My new PIONEER SC35 came with an AC cord SOOO cheap I seriously would'nt plug it in until I got this PANGEA AC9 upgrade. Call me paranoid but I now have the peace of mind knowing that my $800 AVR wont be compromised by a $1 AC cord  After a week of break-in I did some A/B comparisons and I am now a believer !! The sound stage was more spacious and overall sound was cleaner and had a tighter bass response.The PANGEA AC9 was very affordable. Im now considering upgrading for my HTPC and MARANTZ SACD.
Any believers out there?? lddude:

http://www.audioadvisor.com/prodinfo.asp?number=PGAC9


----------



## jinjuku (Mar 23, 2007)

RTS100x5 said:


> My new PIONEER SC35 came with an AC cord SOOO cheap I seriously would'nt plug it in until I got this PANGEA AC9 upgrade. Call me paranoid but I now have the peace of mind knowing that my $800 AVR wont be compromised by a $1 AC cord  After a week of break-in I did some A/B comparisons and I am now a believer !! The sound stage was more spacious and overall sound was cleaner and had a tighter bass response.The PANGEA AC9 was very affordable. Im now considering upgrading for my HTPC and MARANTZ SACD.
> Any believers out there?? lddude:
> 
> http://www.audioadvisor.com/prodinfo.asp?number=PGAC9


I believe this sounds like an advertisement:rolleyesno:


----------



## tonyvdb (Sep 5, 2007)

A/B comparisons are rarely accurate if its not done blind.
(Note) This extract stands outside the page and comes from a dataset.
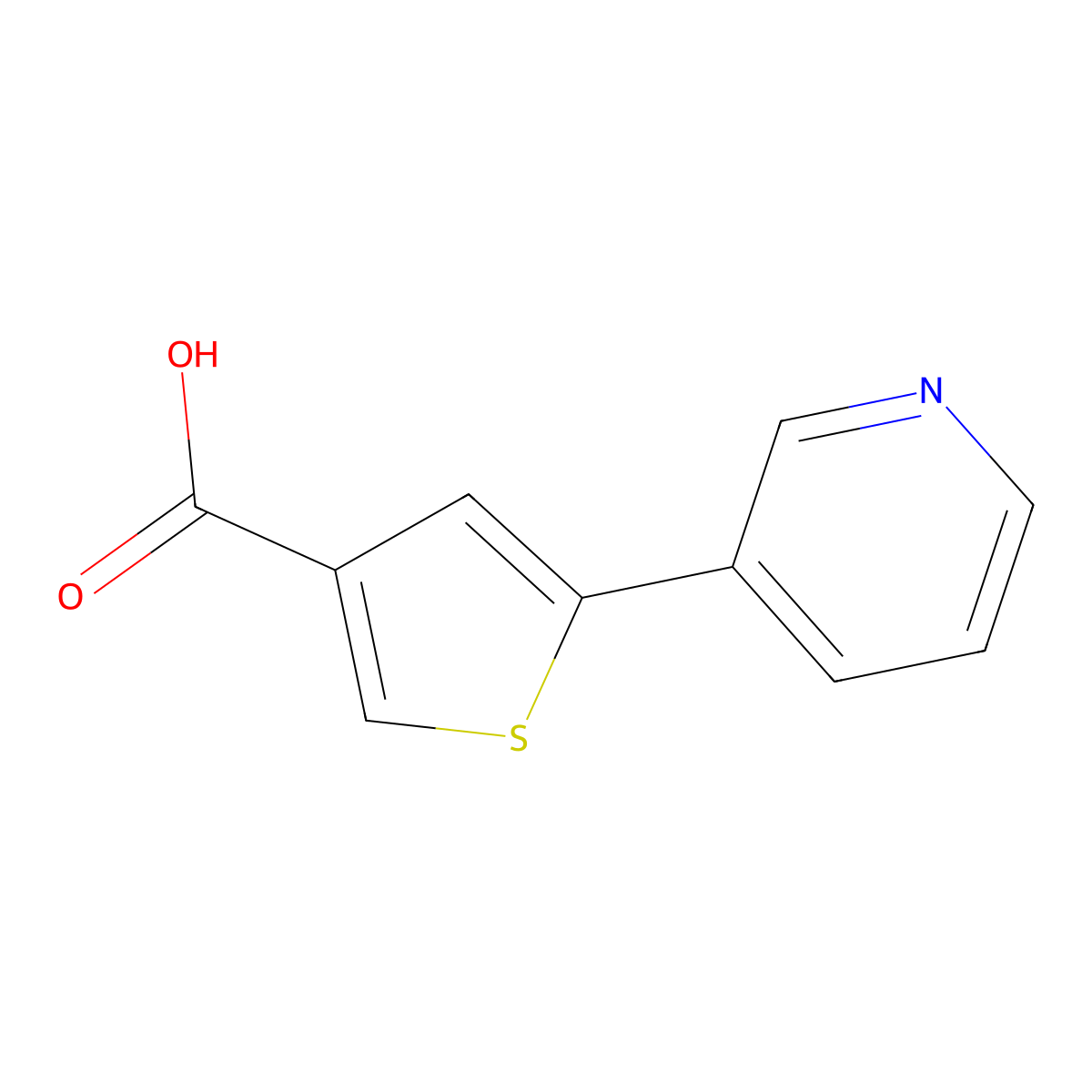 5-(Pyridin-3-yl)thiophene-3-carboxylic acid molecular structure, CAS 1368039-54-6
But if he feels it made a difference its is money he spent but its a known fact that few "upgrades" like that really make an audible difference.


----------



## htaddikt (May 14, 2007)

Here's a beefy one for a little less money... basically hospital grade connections with 12g wire. 
Of course, cryogenic treated.. kind of ugly.

http://www.2baudio.com/

Of course, you could build these yourself and come up with even a better name than 'jellyfish'. 

Wan Lung is another one I've seen recommended. Similar to above, but has had more hi-end reviewers talk about it, so I guess they have to sell it for a little more.


----------



## Mike P. (Apr 6, 2007)

I'm curious, is anyone aware of double blind tests that show a power cord makes a difference?


----------



## RTS100x5 (Sep 12, 2009)

My main point was really the peace of mind and dumping a cord that was unacceptable....that being said if you haven't tried a superior AC cord , your comments are unsupported by experience. :boxer:


----------



## bambino (Feb 21, 2010)

I've got a couple of the AC-9's and find them to be too stiff unless you have space to make allmost a straight run with them otherwise any loop or turn you make with it ends straining the socket on the component or the wall. If i were to buy again i'd go for the 14AWG one as it is more then sufficiant gauge wise to power most gear.:T

P.S. I also have a nice PS audio one for my AVR i didn't notice any differance in sound but the build quality beats out the the stocker that came with it.


----------



## htaddikt (May 14, 2007)

I think most people just want something substantial and well made. 
Some years ago I had a couple of cables, well the name had 'better' in the brand. At the time I was following a heated discussion about cables in general and that workmanship is the key over anything esoteric. I took one of these cables and stripped off the shrink-tubing from the connector ends. Unscrewed the barrels and saw some of the best examples of how not to solder I've ever seen. 
Since then, I never buy cables with jacketed connectors.


----------



## Ares (Nov 23, 2009)

Traded a 60GB PS3 mother board for an AudioQuest NRG-2 PC, have tried it on my PS3 and I see no difference in PQ or AQ but I will say the build quality is good so in my opinion I should have keep the board.....well live and learn.


----------



## htaddikt (May 14, 2007)

Well, good build quality means it will last and you have some assurance it was made correctly. Problem with blind studies of cables, etc. is that there is enough variability within individual systems so the same results can not be guaranteed.


----------



## Jungle Jack (Jul 28, 2009)

Hello,
I stopped using Aftermarket Power Cables over 8 years ago. I truly never noticed any difference, but completely respect those who enjoy them and or find benefit to them. The Power Cables I used were AQ that I got at huge discounts to where I could sell them and at worst come out even.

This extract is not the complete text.